Podgora, also known in Italian as Monte Calvario and in Slovene as Kalvarija, is a hill on the Karst plateau west of Gorizia, on the right bank of the Isonzo, with an elevation of 241 meters above sea level. It is historically subdivided in two hills, Podgora (241 meters) and Calvario (184 meters). Due to its commanding position over the Isonzo valley and the Gorizia plain, it was the theatre of bitter fighting during the First World War, from June 1915 to August 1916.

Along with Sabotin and San Michele, Podgora was one of the main bulwarks of the Austro-Hungarian defense of Gorizia during the early battles of the Isonzo, being heavily fortified with multiple orders of trenches, barbed wire and machine-gun posts. Hill was held by Dalmatian 23rd Landwehr Regiment of the 58th Infantry Division.

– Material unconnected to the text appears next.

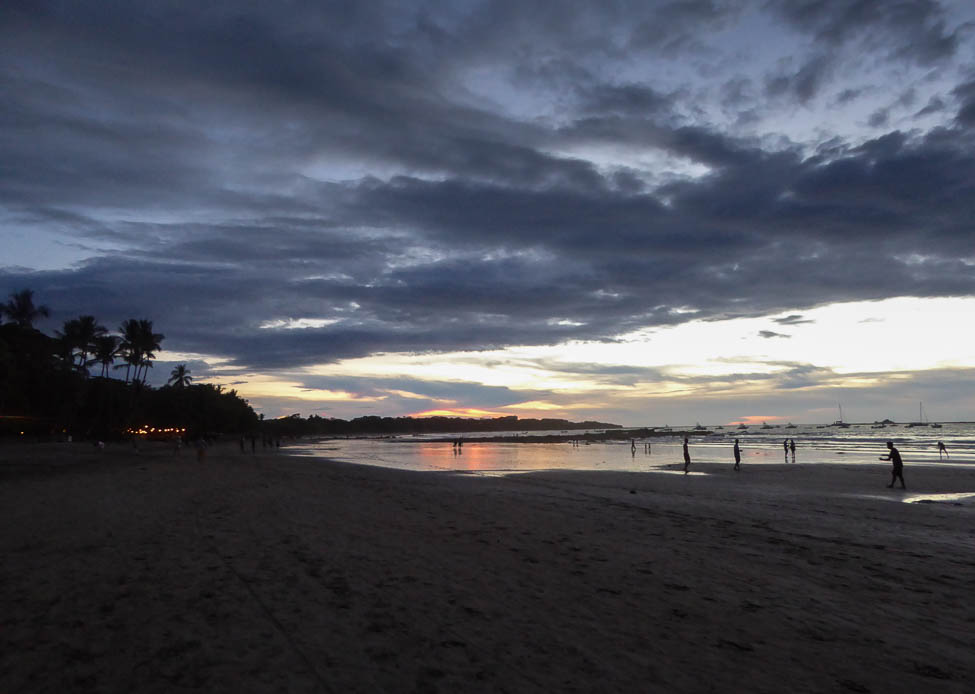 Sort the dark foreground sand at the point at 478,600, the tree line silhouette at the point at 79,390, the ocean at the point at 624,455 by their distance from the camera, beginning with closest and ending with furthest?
the dark foreground sand at the point at 478,600
the ocean at the point at 624,455
the tree line silhouette at the point at 79,390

The Podgora was repeatedly attacked by Italian troops in June 1915, before and during the First Battle of the Isonzo, without success, and in July, before and during the Second Battle of the Isonzo, when a regiment of Carabinieri managed to make some gains. Further advance occurred in October 1915, during the Third Battle of the Isonzo, and in November, during the Fourth Battle of the Isonzo when the Italian captured the Calvario summit (184 meters). The summit of the Podgora (241 meters) was finally captured by the "Casale" Infantry Brigade on 8 August 1916, during the Sixth Battle of the Isonzo; Gorizia fell shortly thereafter.